The green hair and chalky white skin, however, were explained in 1951 in Detective Comics No. 168. The comic revealed that the Joker had once been a criminal called the Red Hood, who fell into a vat of acid while trying to escape Batman on foot.
In 1988’s Batman: The Killing Joke—widely accepted as canon, although it’s presented as just a possible backstory—Alan Moore and Brian Bolland expound upon the Joker’s tragic past, which he allows to irrevocably distort his worldview. Moore and Bolland’s Joker left his factory job to get no laughs as a comedian and, after the death of his pregnant wife and a botched robbery that leaves him disfigured, he reasons that it all must be a joke. He then acquires a singular focus in forcing everyone else to laugh. This is, of course, after having a hearty, maniacal laugh himself.
Unfortunately, the Joker—as in, the Joker’s ethos—makes sense to people. Todd Phillips’s Joker marks the first time the character has been explored on screen independent of Batman, making the Clown Prince something like an antihero. Duly, concerns have been raised over whether the time is right for Phillips’s film, which I haven’t seen, but which obviously depicts a white guy violently taking his feelings out on the world. Many have wondered, since there’s a lot of that going around, whether Joker is a glamorization of incel culture or whether it will indeed incite violence. Neither Phillips nor Joaquin Phoenix has seemed all that equipped to address these issues during the film’s press run.

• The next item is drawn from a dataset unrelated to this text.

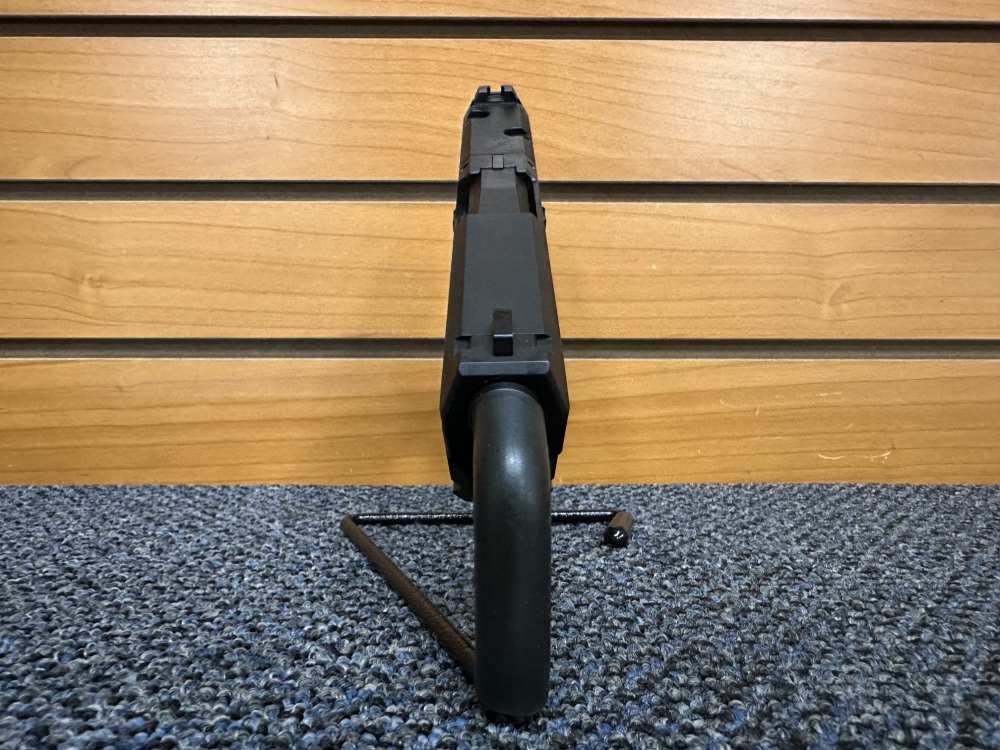 AREX Delta M 9x19 4" Barrel w/ 2 Mags & Case-img-4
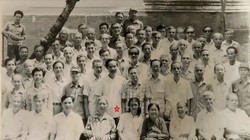 Đồng chí Vũ Oanh, Ủy viên Bộ Chính trị, nguyên Cục trưởng Cục Địch vận, TCCT (dấu *) cùng chỉ huy Cục Địch vận gặp mặt một số cán bộ "Tập kết ngược" tại Hà Nội năm 1980. Ảnh: Tư liệu CĐV.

In fact, it seems increasingly as if the thought had never crossed either of their minds.
But it isn’t Phillips’s or Phoenix’s fault that a world exists outside of, and relates to, the thing they made, any more than it’s their fault they may be valorizing a bunch of angry young white dudes who probably don’t really understand the source material.

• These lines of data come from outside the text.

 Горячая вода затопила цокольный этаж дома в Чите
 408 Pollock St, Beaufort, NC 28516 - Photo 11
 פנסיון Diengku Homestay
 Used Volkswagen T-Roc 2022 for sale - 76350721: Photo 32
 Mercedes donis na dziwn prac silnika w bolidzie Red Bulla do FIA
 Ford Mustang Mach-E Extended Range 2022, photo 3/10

The quote is: “All it takes is one bad day to reduce the sanest man alive to lunacy. That’s how far the world is away from where I am, just one bad day.” Joker’s (Moore’s) words endure because they capture the crushing despair of invisibility, of feeling deficient in some crucial way, of not being cut out for life’s simplest pleasures. All of this might sound uniquely comforting to people with ideas about sex redistribution and the ways in which woke scolds are ruining comedy. But when you think about it, no one told the Joker to quit his day job to pursue a career in stand-up.